E1KOBZ_2020_v14n3_1121_f0008.png 이미지

Fig. 8. GOTURN network architecture for single object tracking

During operation, the human observer initializes the tracker with the first frame bounding box information. At each subsequent frame n, the network receives the image crops from frame n-1 and frame n respectively as an input to predict the object location in the n th frame. we select randomly contiguous frame pairs in the learning phase, cut the object region to be tracked in the previous frame, cut the same area in the current frame, and learn information about the object and its surroundings in the convolution layer. Thus, we learn how to predict the bounding box position in the current frame by sharing two convolution layer weight values in the connected layer.

Therefore, it is possible to track an object at high speed using only offline learning data. However, if there is no motion information and some of the tracking objects are obscured by other objects, the performance is significantly degraded. Also, once a trace fails, it will continue to track based on the location of the failed trace. Therefore, in this study, we decided that the initial set object will be tracked again if the GOTURN has the color information of the initial setting object even when the tracking fails. To compensate for the disadvantages mentioned above, the mean-shift algorithm is used.

3.2.2 Mean-shift

Mean-shift is a method of locating the mean of data distribution, in which data is moved in the densest direction around the current one. When the mean-shift is used in object tracking, the color histogram of the specified object is compared with the input image histogram to find the region having the most similar histogram. In the mean-shift based real-time tracking approach [62], the Bhattacharyya coefficient metric is used for target localization. The maximum Bhattacharyya coefficient value gives highest similarity among the pdf (probability density function). The probability density function of the target model and target candidate is represented by equation (7) and (8). An example of mean-shift tracking is visualized in Fig. 9.

Target model: \(\vec{q}=\left\{\vec{q}_{u}\right\}_{u=1 \ldots m}, \sum_{u=1}^{m} \vec{q}_{u}=1\)       (7)

Target candidate: \(\vec{p}(y)=\left\{\vec{p}_{u}(y)\right\}_{u=1 \ldots m}, \sum_{u=1}^{m} \vec{p}_{u}=1\)       (8)

In these equations, m is the number of discrete bin used for color distribution in histogram, \(\vec{q}_{u}\) is the density function of the color/texture feature u of target model centered at origin, and \(\vec{p}_{u}(y)\) represents the candidate density centered at location y.

The Bhattacharyya coefficient is expressed in equation (9), which is a similarity measure between the distribution target model \(\vec{q}\) and target candidate \(\vec{p}(y)\) at location y.

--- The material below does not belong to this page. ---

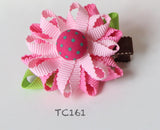 Pink Floral Hair Clips (TC158-TC162)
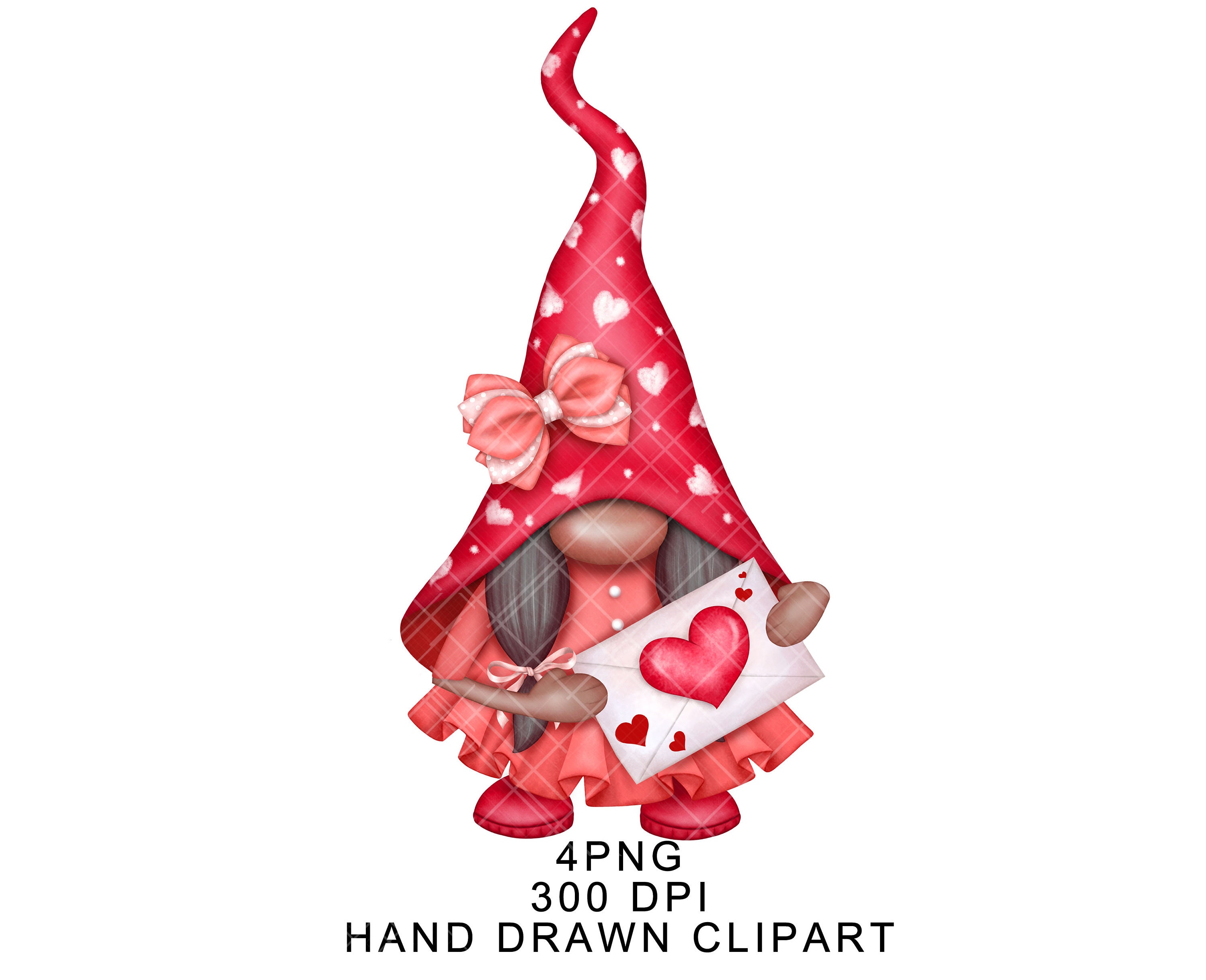 Valentine Gnome PNG Clipart Gonk Black Love Sublimation Afro Girl Woman ...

Bhattacharyya coefficient: \(\rho[\vec{p}(y), \vec{q}]=\sum_{u=1}^{m} \sqrt{\vec{p}_{u}(y) \vec{q}_{u}}\)       (9)

The Hellinger distance estimates the difference between two probability distributions \(\vec{q}\) and \(\vec{p}(y)\).

Hellinger distance: \(H(\vec{p}(y), \vec{q})=\sqrt{1-\rho[\vec{p}(y), \vec{q}]}\)       (10)

E1KOBZ_2020_v14n3_1121_f0009.png 이미지

Fig. 9. Visual procedure of mean-shift tracker

In this paper, we apply a robust scale-adaptive mean-shift tracking algorithm [20], which is flexible in color-based object tracking and search radius. This algorithm is the same as finding the center point of the mean-shift tracker. However, after searching the center point, it changes the scale of the window size and finds the window size with the highest histogram similarity degree of the specified object. It shows higher performance than the conventional mean-shift tracker.

3.3 Depth Estimation

To mix a soundtrack to a particular object, we need to estimate the third dimension, the depth(z) of that object. We are looking for a depth estimation method where only one image is taken as input without any ground-truth depth data. Godard et al. [27], proposed an end-toend monocular depth estimation network where in the convolution neural network is trained with an innovative loss function that enacts left-right consistency among the disparity images not having the help of ground truth data supervision. Its operation is described in the following steps:

1) Depth calculation in the form of image reconstruction

In the time of training, the perception of depth calculation by way of image reconstruction is that in the presence of two rectified binocular cameras by learning a function an image can reconstruct from another image that will aid to learn the 3D geometry of the scene. Then using this reconstruction information, the system can forecast the image pixel depth, \(\hat{d}=b f / d\) , where, d is a scalar quantity belongs to every pixel denoted as image disparity, and b is the physical space among the cameras and camera focal length f.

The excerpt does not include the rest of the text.